I honestly don't see the difference, so i can't support the use of scare tactics, even to save lives.

Let me close with a statement i think we can all agree upon, by Professor Martin Rudner, director of the Canadian Centre of Intelligence and Security Studies at Ottawa's Carleton University.
"There is the famous statement: 'One man's terrorist is another man's freedom fighter.' But that is grossly leading. It assesses the validity of the cause when terrorism is an act. One can have a perfectly beautiful cause and yet if one commits terrorist acts, it is terrorism regardless."
----

When drafting this post, i had high hopes of keeping it on an architectural topic. That...didn't happen.

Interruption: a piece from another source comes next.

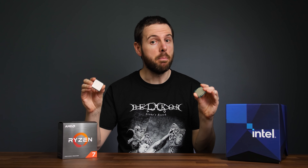Intel has a new 8-core CPU, the i9-11900K, but how does it compare against AMD's 8-core Ryzen 7 5800X? I've tested both processors in games and applications to show you the differences and help you decide which is worth it.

The connection i wanted to make was what i perceive to be a connection between media coverage and visible destruction (i.e., demolished architecture). I don't follow worldwide terrorism very closely, but of that hundreds-of-pages-long list linked, the ones i recognize are all closely associated with a structure. The attacks on the World Trade Center Towers (Sep. 11, 2001), the Madrid train bombings (Mar. 11, 2004), the London Underground bombings (Jul. 7, 2005), and now these attacks in Mumbai at the Taj Mahal hotel and the Chabad House. I wonder if the media chooses to show these more often than other terrorist stories because of the symbolic aspect of striking at the heart of "civilized" urban centers, or because it makes for better television? Some of both, perhaps. I'm not trying to make a point here, i just wanted to share what was on my mind regarding the topics at hand.